WASHINGTON, USA — The International Monetary Fund (IMF) and the Japanese ministry of finance co-hosted the 17th Public Debt Management Forum in Tokyo on June 20 and 21.
The event brought together senior officials from 33 advanced and emerging market economies, international financial institutions, and leading global and Japanese private sector firms.
Participants discussed the trends and associated challenges and opportunities they now face in sovereign debt capital markets. Public debt managers have been able to deal with high and rising debt levels against the backdrop of mostly benign global conditions: accommodative policies in the major economies have kept interest rates low and contained spreads and funding risks. It remains, uncertain, however, what strains will emerge when financial conditions eventually tighten.

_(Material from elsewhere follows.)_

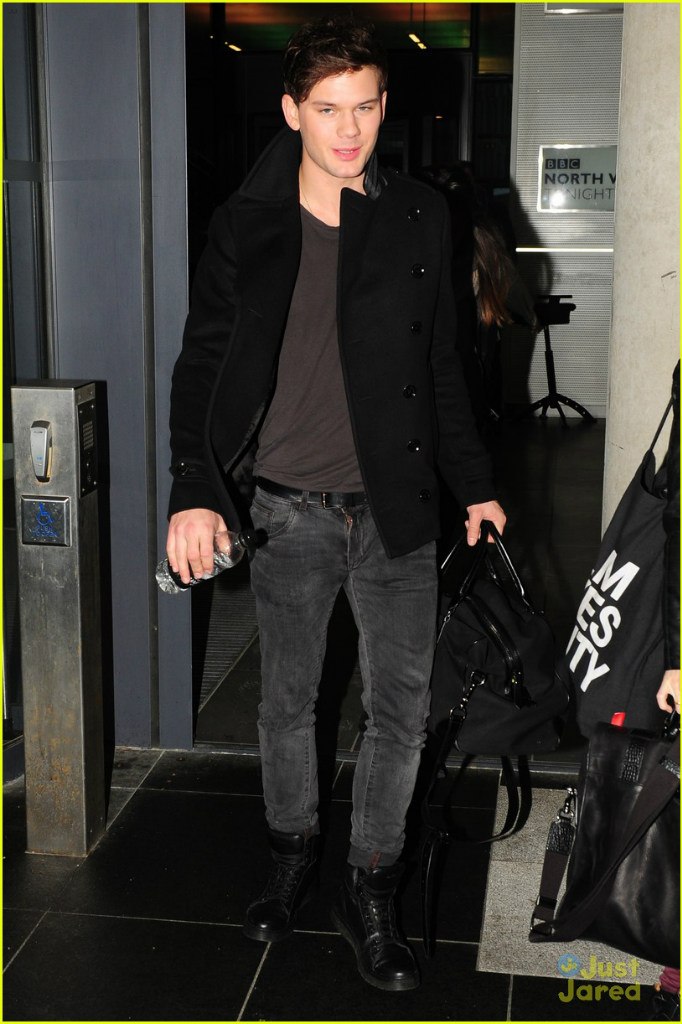 Jeremy Irvine photo #597550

Meanwhile, the investor base for government securities is shifting and becoming more globalized. Furthermore, market functioning is evolving under the influence of regulatory changes, technological innovation, and the introduction of new instruments.
Tobias Adrian, the IMF’s Financial Counsellor and the Director of the Monetary and Capital Markets Department, said in the forum’s keynote address that “sound debt management and the efficient functioning of sovereign debt capital markets is as important as ever, not least because debt levels are high and are likely to remain high.”
He noted that debt management is of macroeconomic importance: Debt managers need to take into account macroeconomic conditions in setting their strategy, and also to anticipate the effects of their actions elsewhere in the economy. Moreover, he stressed the longer-term advantage to both borrowers and investors of promoting debt transparency as the basis for the efficient, stable and cost-effective financing of public goods.
The State Minister of Finance Keisuke Suzuki, in his opening remarks described the global situation surrounding the debt management policy and the government bond market, and he highlighted that the Forum would provide a valuable opportunity to discuss the policy based on such circumstances.
He also explained the Japanese economic and fiscal situation and debt management policy, in order to make the sessions more fruitful. He said that he expected that each participant could gain new insights and ideas on the debt management policy and the government bond market through active and constructive discussions in the forum.
The next IMF Public Debt Management Forum will take place in 2021.